Steve Venuti, president of HDMI Licensing, claimed 2009 is the year that “every digital TV that ships has an HDMI port. We expect that to be followed by other categories very quickly”. Next year, the group expects all DVD players to carry an HDMI port, followed by Blu-ray players in 2011. All the current devices all support version 1.3 of the HDMI interconnect. However, version 1.4 interfaces are expected to appear on products next year. In principle, they will require an upgraded cable to work as expected.
The latest version of the standards adds an audio return channel – to allow TVs with a built-in decoder to send audio to a home-theatre system – higher potential datarates to support 3D TV and an optional 100Mb/s ethernet link carried on previously unassigned wires. Venuti said there will need to be multiple cables sold in shops to deal with the options but added: “We are pushing for names rather than version numbers. We will make it not allowable to use version numbers in cable descriptions.
Cables will be separated into ‘standard’ and ‘high-speed’ forms, with ethernet versions of each also expected to be available, although Venuti said that many vendors may choose to only sell cables tested to the high-speed specifications, once those compliance tests become available at the end of the month. Graphic icons will show what each cable is able to support.
“I honestly do not believe you will see many standard cables on sale. The difference in manufacturing cost between standard and high-speed is essentially nothing,” said Venuti.
“The audio back-channel will work in any older cable,” Venuti claimed. “You will also be able to get ethernet but it may not work very well.”
Dedicated ethernet-plus-HDMI cables shield the wires used to carry the network data whereas they will be unshielded in the original cables.
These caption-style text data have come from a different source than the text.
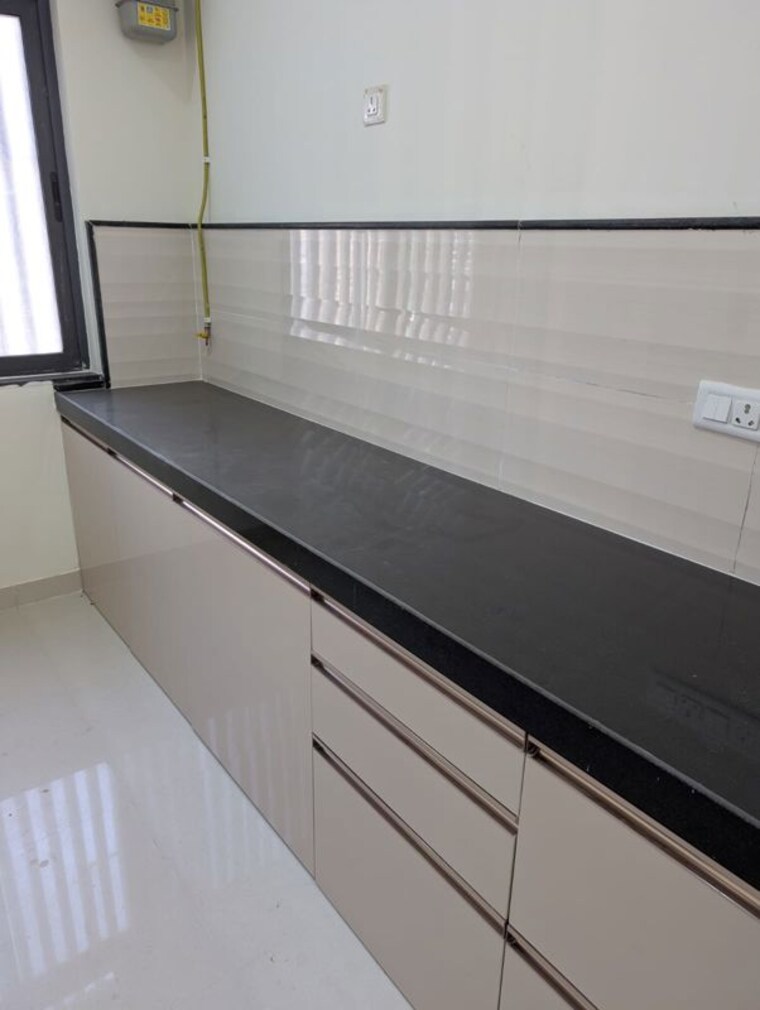 Kitchen, dynamix-divum 2 Bedroom 910 Sq.Ft. Apartment In Malad East Mumbai 10414637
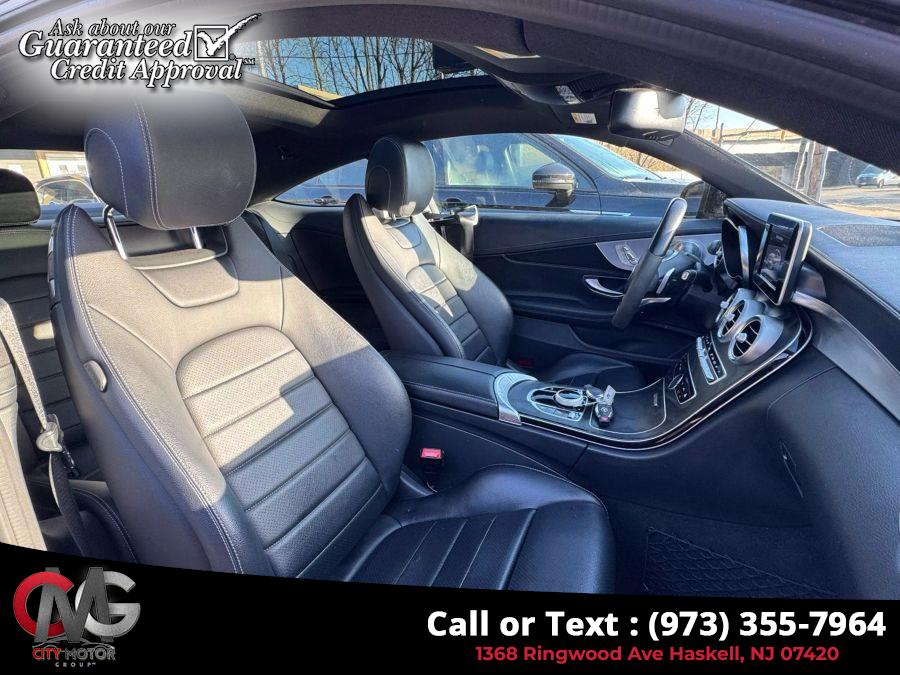 2018 Mercedes-Benz C-Class C 300 4MATIC Coupe 2D photo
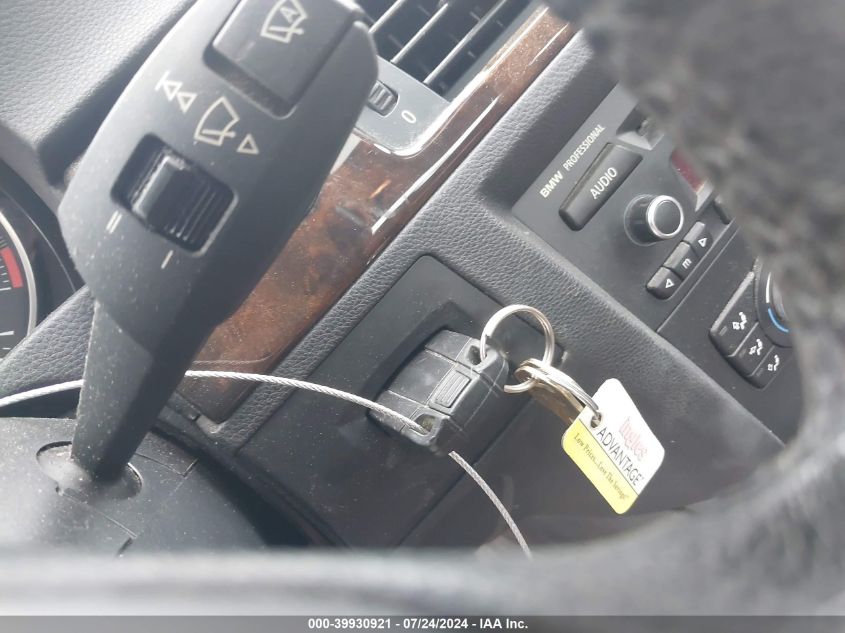 2008 BMW 328Xi Xi Sulev VIN: WBAVC735X8KP39502 Lot: 39930921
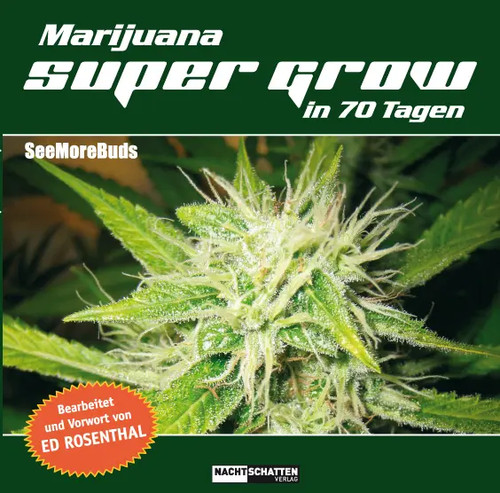Marijuana super grow 70 - super,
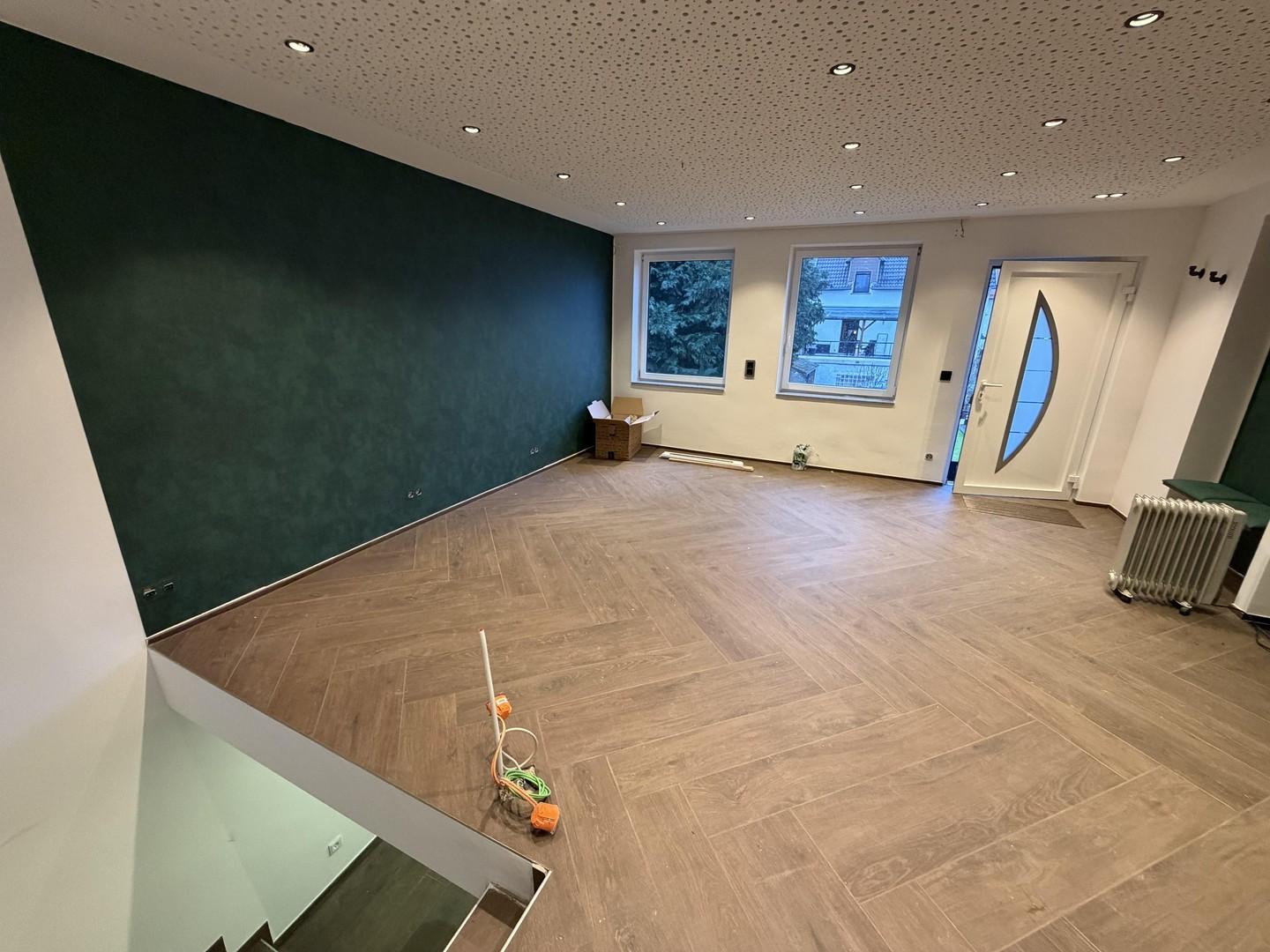 Eingangsbereich / Esszimmer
Venuti said the main difference between standard and high-speed cables is the compliance test to which they are subjected rather than any physical difference in design. “It’s just down to how well you manufacture them,” said Venuti.
Cable proliferation will increase further as mobile devices begin to incorporate a micro-version of the HDMI connector.
“We find more small, portable devices that are becoming sources of digital content. We will see this on mobile phones too. But the Type-C would not fit. So we came up with the Type-D,” said
The Type-D connector is roughly the same size as a micro-USB port but puts 19 pins into the space on two rows. “We jammed a lot of technology into a very small package,” claimed Scott Sommers, group product manager for I/O products and standards at connector-maker Molex. “It’s the smallest commoditised I/O in the world.”
As with version 1.4 systems, Sommers said: “We expect to see products demonstrated at CES in January.”
Although phone makers may be reticent to put a second connector next to a micro-USB port on their devices, Sommers said: “This is not going to be on a free-with-service phone. This is going to be on higher-end smartphones where cost is not a primary issue.”